Editorial 01-2013

Ausgabe 01/2013

Machen uns E-Books dumm?

Mit dieser provokanten Frage, liebe Leserinnen und Leser, beginnt unsere erste Ausgabe der Library Essentials im Jahr 2013.

Nancy McCormack ist in ihrem Beitrag „Are E-Books Making us Stupid? Why Electronic Collections Mean Trouble for Libraries and Their Patrons“  dieser  Frage nachgegangen.

Vor genau fünf Jahren stellte Nikolas Carr eine ganz ähnlich provokante Frage, nämlich “Macht Google uns dumm?“.  Es ist längst Mode geworden vor diesem und jenem zu warnen und vorab und auf alle Fälle schon einmal den Teufel an die Wand zu malen. Denn genau so geht es weiter: „Macht das Internet uns dumm?“ oder „Klicken wir uns das Gehirn weg?“

Mit allen diesen Suggestiv-Fragen kann nur eins erreicht werden, Panik, Angst und Vorbehalte.

Denn ob uns E-Books dumm machen, ist eine dumme Frage. E-Books sind beste Inhalte in neuer zeitgemäßer medialer Form, und sie machen nicht schlauer und nicht dümmer als die Lektüre von Wissen in anderen Medienformen. Denn wie wir alle beruhigt feststellen können, hat uns auch die Erfindung von Zeitung, Radio und Fernsehen nicht wirklich dümmer gemacht, auch wenn der ein oder andere seinen Medienkonsum übertreibt. Und jüngst haben Medienwissenschaftler aus Mainz, Marburg und Göttingen in einem hirnphysiologischen Experiment festgestellt, dass ältere Menschen auf einem Tablet-PC besser lesen und Inhalte länger behalten.

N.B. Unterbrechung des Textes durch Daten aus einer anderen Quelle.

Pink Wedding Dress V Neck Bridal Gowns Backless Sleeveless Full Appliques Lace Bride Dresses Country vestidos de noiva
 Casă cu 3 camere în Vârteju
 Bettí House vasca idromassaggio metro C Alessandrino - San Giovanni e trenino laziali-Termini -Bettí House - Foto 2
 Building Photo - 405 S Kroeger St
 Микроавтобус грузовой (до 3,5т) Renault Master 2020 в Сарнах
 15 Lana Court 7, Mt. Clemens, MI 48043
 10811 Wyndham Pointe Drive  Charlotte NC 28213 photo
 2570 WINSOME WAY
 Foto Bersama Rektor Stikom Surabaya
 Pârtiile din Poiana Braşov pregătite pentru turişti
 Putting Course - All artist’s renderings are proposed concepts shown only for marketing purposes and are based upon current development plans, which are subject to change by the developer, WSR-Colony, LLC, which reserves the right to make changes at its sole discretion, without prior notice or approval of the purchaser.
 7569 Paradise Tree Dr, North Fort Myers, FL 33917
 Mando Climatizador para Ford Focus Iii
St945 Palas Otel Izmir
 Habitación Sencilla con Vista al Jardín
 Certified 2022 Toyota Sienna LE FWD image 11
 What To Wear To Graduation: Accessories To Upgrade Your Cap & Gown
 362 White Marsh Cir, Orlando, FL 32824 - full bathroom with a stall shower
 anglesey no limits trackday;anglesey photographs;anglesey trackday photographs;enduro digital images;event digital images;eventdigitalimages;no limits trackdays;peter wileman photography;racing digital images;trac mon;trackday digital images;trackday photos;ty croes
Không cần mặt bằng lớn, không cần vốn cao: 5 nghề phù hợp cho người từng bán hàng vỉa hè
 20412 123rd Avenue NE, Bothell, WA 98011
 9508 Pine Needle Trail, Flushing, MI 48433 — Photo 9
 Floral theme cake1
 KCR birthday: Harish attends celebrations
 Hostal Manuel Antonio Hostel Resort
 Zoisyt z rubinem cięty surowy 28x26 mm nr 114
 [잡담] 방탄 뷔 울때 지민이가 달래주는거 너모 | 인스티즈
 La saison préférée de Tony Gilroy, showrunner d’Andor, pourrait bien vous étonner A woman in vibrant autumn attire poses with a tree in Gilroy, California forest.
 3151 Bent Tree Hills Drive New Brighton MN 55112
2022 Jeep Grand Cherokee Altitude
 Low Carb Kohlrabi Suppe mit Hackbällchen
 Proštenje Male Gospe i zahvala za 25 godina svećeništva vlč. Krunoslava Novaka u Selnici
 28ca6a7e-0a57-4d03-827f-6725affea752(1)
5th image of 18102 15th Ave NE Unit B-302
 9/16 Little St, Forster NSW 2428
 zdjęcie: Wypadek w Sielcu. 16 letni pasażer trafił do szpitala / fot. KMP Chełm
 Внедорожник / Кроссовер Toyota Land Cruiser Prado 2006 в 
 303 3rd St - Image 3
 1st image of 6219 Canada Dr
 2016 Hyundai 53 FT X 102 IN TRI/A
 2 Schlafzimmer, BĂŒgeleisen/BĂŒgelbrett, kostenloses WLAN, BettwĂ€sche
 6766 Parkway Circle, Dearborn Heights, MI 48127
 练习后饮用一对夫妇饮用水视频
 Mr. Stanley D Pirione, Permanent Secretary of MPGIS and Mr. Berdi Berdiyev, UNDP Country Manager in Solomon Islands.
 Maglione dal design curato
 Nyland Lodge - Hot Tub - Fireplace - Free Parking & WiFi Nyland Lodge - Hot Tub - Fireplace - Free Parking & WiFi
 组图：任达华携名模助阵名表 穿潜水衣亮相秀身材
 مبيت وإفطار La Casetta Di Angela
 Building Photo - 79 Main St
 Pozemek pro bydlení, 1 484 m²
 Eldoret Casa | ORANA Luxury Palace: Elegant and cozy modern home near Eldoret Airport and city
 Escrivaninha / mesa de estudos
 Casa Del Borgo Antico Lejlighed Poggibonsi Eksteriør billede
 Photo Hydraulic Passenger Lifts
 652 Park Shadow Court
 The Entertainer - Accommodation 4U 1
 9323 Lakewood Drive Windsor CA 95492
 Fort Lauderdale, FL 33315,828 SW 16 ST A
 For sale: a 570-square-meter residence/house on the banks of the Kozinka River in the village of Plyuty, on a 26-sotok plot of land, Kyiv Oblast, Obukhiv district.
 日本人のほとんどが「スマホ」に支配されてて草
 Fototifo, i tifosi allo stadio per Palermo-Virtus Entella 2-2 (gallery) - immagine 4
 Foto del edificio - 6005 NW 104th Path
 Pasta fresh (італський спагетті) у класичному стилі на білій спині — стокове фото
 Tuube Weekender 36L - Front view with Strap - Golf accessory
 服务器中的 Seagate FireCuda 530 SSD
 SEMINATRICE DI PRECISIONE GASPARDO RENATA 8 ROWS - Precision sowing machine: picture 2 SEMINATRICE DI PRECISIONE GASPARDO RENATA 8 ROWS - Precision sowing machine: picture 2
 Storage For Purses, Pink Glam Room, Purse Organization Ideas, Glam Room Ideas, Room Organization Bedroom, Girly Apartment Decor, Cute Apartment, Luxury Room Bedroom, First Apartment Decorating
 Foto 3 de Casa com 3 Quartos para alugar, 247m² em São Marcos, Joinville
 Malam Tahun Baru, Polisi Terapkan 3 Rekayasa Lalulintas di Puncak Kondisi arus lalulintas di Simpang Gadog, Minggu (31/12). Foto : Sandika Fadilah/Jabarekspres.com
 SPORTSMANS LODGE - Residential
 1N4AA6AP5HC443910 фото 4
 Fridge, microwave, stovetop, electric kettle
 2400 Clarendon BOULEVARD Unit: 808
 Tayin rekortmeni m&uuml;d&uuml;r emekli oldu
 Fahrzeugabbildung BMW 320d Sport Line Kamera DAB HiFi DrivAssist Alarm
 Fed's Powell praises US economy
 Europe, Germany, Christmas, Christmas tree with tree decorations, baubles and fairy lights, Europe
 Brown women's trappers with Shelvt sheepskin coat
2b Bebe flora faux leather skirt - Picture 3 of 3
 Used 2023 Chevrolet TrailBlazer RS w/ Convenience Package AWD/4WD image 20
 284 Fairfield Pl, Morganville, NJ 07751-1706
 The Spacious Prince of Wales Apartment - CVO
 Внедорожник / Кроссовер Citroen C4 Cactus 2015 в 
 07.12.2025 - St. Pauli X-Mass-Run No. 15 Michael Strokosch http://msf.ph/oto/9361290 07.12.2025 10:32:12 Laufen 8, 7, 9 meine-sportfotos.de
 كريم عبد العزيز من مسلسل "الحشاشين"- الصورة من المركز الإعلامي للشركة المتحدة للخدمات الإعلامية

Generalvermutungen sind also simples Sprücheklopfen, das der Ernsthaftigkeit der neuen Medien und der Sache der Wissensvermittlung nicht gerecht wird,

Sprücheklopfen ist übrigens auch dann keine Lösung, wenn positive Inhalte transportiert werden. Denn für die Bewerbung von Informationsprodukten gibt es vor allem in Bibliotheken noch immer nur ein völlig unterentwickeltes Marketing.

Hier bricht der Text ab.